Of the entries below, return exactly those lines that fall between the one containing "REGULAMENTO INTERNO – novembro de 2012" and the one containing "Artigo15.º Subdiretoreadjuntosdodiretor", the two end lines included.

=== Input data ===

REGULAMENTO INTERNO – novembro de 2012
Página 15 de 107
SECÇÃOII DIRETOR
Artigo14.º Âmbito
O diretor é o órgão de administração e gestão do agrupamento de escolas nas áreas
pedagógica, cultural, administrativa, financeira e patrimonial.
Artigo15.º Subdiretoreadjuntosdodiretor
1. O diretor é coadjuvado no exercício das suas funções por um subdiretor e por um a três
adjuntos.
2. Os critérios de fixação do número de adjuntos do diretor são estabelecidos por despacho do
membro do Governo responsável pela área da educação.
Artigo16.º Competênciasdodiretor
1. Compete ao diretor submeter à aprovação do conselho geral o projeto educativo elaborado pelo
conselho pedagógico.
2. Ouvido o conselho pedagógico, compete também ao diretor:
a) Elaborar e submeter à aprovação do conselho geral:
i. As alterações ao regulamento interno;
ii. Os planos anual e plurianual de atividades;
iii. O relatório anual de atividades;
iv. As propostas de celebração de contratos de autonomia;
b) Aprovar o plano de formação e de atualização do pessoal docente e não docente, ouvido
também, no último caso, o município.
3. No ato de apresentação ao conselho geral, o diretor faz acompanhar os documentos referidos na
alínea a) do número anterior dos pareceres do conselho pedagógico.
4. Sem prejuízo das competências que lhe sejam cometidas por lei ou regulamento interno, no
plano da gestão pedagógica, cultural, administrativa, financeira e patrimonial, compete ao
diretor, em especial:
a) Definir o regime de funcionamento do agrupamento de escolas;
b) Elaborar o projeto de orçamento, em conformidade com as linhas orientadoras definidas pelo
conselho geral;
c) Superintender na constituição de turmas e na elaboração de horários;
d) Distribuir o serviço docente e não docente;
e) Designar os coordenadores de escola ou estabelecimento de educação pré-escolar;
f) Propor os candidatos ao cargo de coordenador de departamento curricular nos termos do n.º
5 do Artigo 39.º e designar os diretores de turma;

===
=== Input data ===

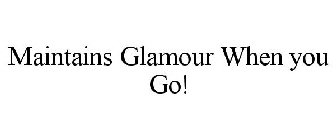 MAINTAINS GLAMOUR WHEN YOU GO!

===
=== Input data ===

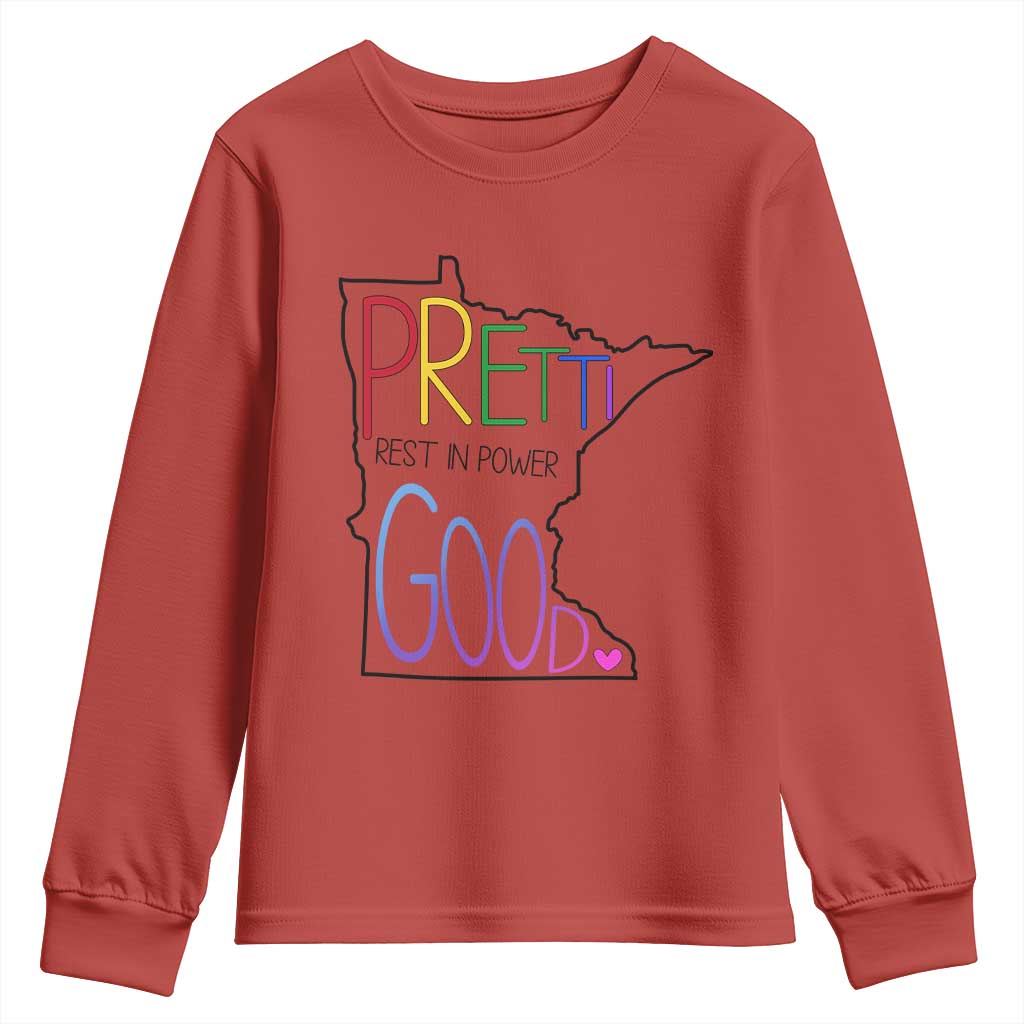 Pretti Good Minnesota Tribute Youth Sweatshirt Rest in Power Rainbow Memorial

===

Task response ::
REGULAMENTO INTERNO – novembro de 2012
Página 15 de 107
SECÇÃOII DIRETOR
Artigo14.º Âmbito
O diretor é o órgão de administração e gestão do agrupamento de escolas nas áreas
pedagógica, cultural, administrativa, financeira e patrimonial.
Artigo15.º Subdiretoreadjuntosdodiretor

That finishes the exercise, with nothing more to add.